Ana Sayfa / İLİM - KÜLTÜR – SANAT – FİKRİYAT / Makaleler / “Kültürel Irkçılık” Olarak İslamofobi – İslâm Karşıtlığı

“Kültürel Irkçılık” Olarak İslamofobi – İslâm Karşıtlığı

Faydalı ise lütfen bağlantıyı paylaşınız, tavsiye ediniz. Kaynaksız kopyalamanıza rızamız yoktur.

Yazar: Prof. Dr. Özcan HIDIR
İstanbul Sabahattin Zaim Üniversitesi İslami İlimler Fakültesi

Tarihî kökenleri olmakla beraber Soğuk Savaş’ın ve özellikle de 11 Eylül sonrasında sıklıkla gündeme ge(tiri)lip raporlara konu olan İslamofobi-İslâm karşıtlığı ile “ırkçılık (rasizm)” -ve nihayet “ayırımcılık”- arasındaki ilişki, yeterince üzerinde durulmuş bir konu değildir. Esasen ilk bakışta bu yönde bir ilişki belirgin de değildir. Bu durumun ırkçılığın temelde genetik-ırksal bir temelde düşünülmesinden kaynaklandığını söyleyebiliriz.

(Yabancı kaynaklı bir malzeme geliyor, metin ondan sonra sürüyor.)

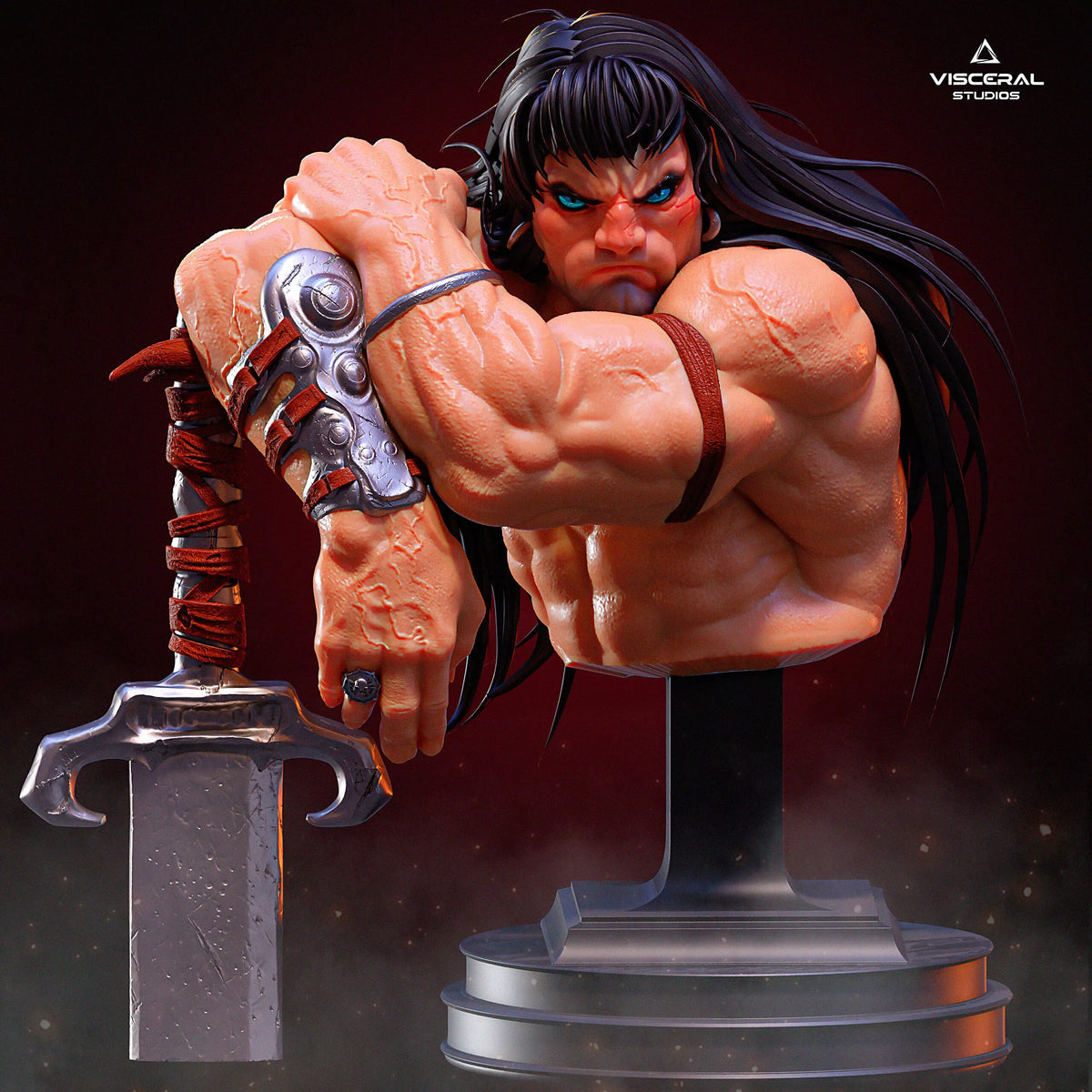 Conan the Barbarian Simon Bisley Inspired Bust STL by Visceral Studios – gallery view 3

Hâlbuki belirttiğimiz üzere, son dönemlerde ırkçılığın farklı kategorilerinden de söz edilmekte ve bu meyanda “kültürel ırkçılık” olarak niteleyebileceğimiz İslamofobi de ırkçılık ve ayırımcılığın yeni bir şekli olarak görülmektedir.1 Buna göre müslümanlar “etnik-dinî” bir grup gibi düşünülüp2 onlara yönelik genellemeci bir tutumla korku, nefret ve ayırımcılık ortaya konmaktadır. Bu ise hemen kategorik olarak tüm müslümanların dinî fanatizme sahip oldukları ve modern toplumun benimsediği eşitlik ve özgürlükler gibi bazı değerleri peşin olarak reddettikleri ön yargısı üzerine bina edilmektedir. Bununla birlikte İslamofobinin “kültürel ırkçılık” olarak tanınması, henüz yeterince kabul görmüş ve insan hakkı ihlâli olarak algılanmış değildir. Hâlbuki bir gruba, ırka yönelik nefret suçlarını düzenleyen maddeler pek çok devletin anayasasında da mevcuttur. Şu halde İslâm ve müslüman nefreti demek olan İslamofobinin de cezaî müeyyideye tâbî olması gerektiği açıktır.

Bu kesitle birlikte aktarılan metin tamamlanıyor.